Feargus O'Sullivan is a contributing writer to CityLab, covering Europe. His writing focuses on housing, gentrification and social change, infrastructure, urban policy, and national cultures. He has previously contributed to The Guardian, The Times, The Financial Times, and Next City, among other publications.
Poland’s Białowieża Forest is uniquely well-preserved. But for how much longer?
You may well not have heard of Poland’s Białowieża Forest, but perhaps you should have.
This vast 835 square-mile woodland straddling the Polish-Belarusian border—it’s pronounced “Bya-Woe-Vye-Zha”—is unlike anywhere else on earth. It’s a “European Serengeti” of mixed-leaf old growth forest, seamed throughout with ancient tree stands untouched by humans, a place that shelters the continent’s largest population of vast, shaggy European bison. An inland ocean of green, its heart has UNESCO World Heritage status, with oaks predating Columbus’s voyage to the Americas and a deep, silent core sheltered far from roads and houses. Right now, however, the forest is under serious threat.
This March, Poland’s environment minister approved plans to log the forest across an area of 188,000 square meters. The forest core listed by UNESCO would remain untouched, but for Polish nature lovers—and seven environmental organizations who have complained to the E.U.—the move is still a bit like the U.S. government deciding to dynamite Old Faithful.
The logging doesn’t come entirely without reason. The Polish government insists that logging the area is necessary to counteract the effects of a severe bark beetle infestation that is ravaging the forest. Clearing out some wood could, they insist, help stop the plague and save the rest.
The European Commission, however, disagrees. This June, it gave Poland just a single month (as opposed to the customary two) to answer concerns about felling in the forest, after which the country may be punished by the European Court of Justice. Poland’s government, meanwhile, is in turn prosecuting the forest’s authorities, asserting that it was this authority (appointed by the previous government) that was responsible for letting the forest get into its current, beetle-infested state. So who is right?
According to Polish Greenpeace, the mistake is actually elsewhere, in the assumption that the bark beetles are in themselves a problem at all. Certainly, they destroy trees, but as the organization’s Katarzyna Jagiełło tells Citylab:
“Bark beetle is a natural occurrence that happens in the forest regularly. It’s a symptom of a weak ecosystem rather than a factor in creating one, and you can only call the beetles a pest if you are engaged in [timber] production.”
The forest has in fact survived and recovered from previous infestations, the fallen timber ultimately providing assistance to future growth, says Jagiełło.
“We have one area—Białowieża’s so-called ‘High Swamp’—where there was an infestation 15 years ago,” she says. “The forest managed to regenerate itself very well, specifically thanks to fallen trees that gave shelter to younger saplings.”
Clearing out old wood would disrupt this natural regeneration, though it is arguably the replanting of trees afterwards that would do the most damage. Almost all tree stands that are over 100 years old in the forest, and there are many, have regenerated naturally, making them not just highly unusual within Europe but biodiverse cradles for the regeneration of newer forest areas around them. Even if felled or cleared timber is replaced by new plantings, these would destroy the natural growth that makes so much of the forest unique.

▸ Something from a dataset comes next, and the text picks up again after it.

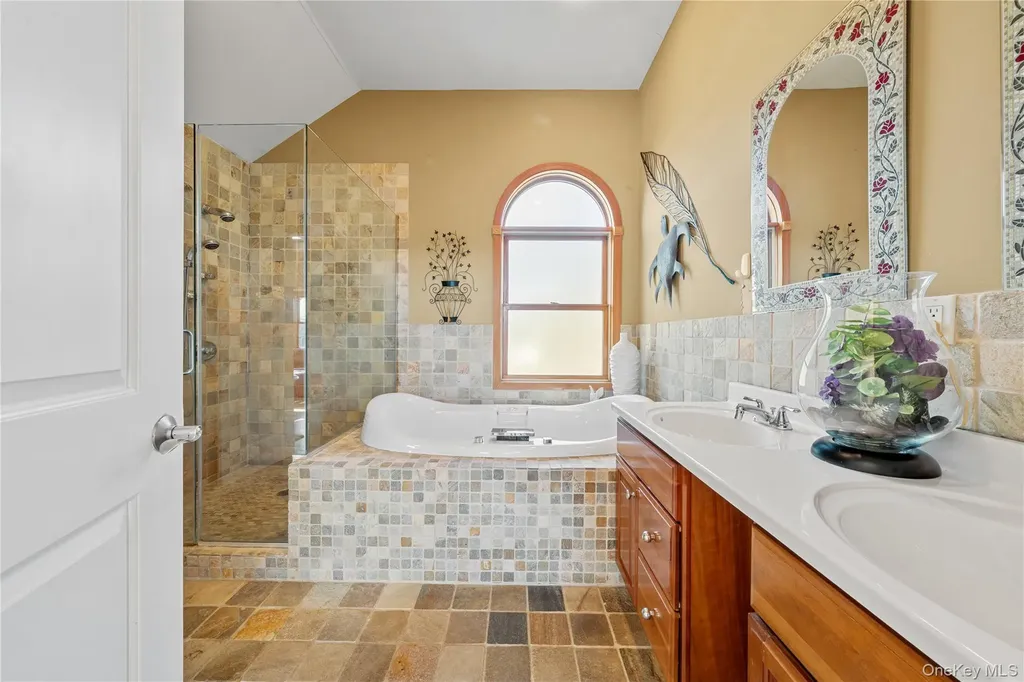 85 S Dunton Avenue East Patchogue NY 11772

Given the weight of expert opinion against the felling, there has to be some other reason for continuing with the logging. The most obvious one is money. Environment minister Jan Szyszko has repeatedly said that clearing out old wood from the forest (an ecologically disastrous policy) could generate 700 million zloty ($173 million). In a poor region that hasn’t witnessed the same economic rebound as others in Poland, that’s a lot of badly needed income.
The short termism on display still seems short-sighted. Over the long-term, tourism encouraged by a pristine forest could easily earn more. The area around Białowieża’s UNESCO Reserve, which covers 17 percent of the forest, is already considerably wealthier than other rural parts of the wider Podlasie region thanks to the visitors it receives. Were the park to be extended across the forest’s whole extent, the potential revenue could push up yet further. Realizing the potential of the woodland as it is could help to publicize one of Poland’s greatest asset: its possession of wild habitats that, by comparison, make much of Western Europe’s countryside seem as controlled as a tennis court’s lawn. But as the chainsaws continue to whirr, the time left to fully preserve Białowieża’s uniqueness is ticking away.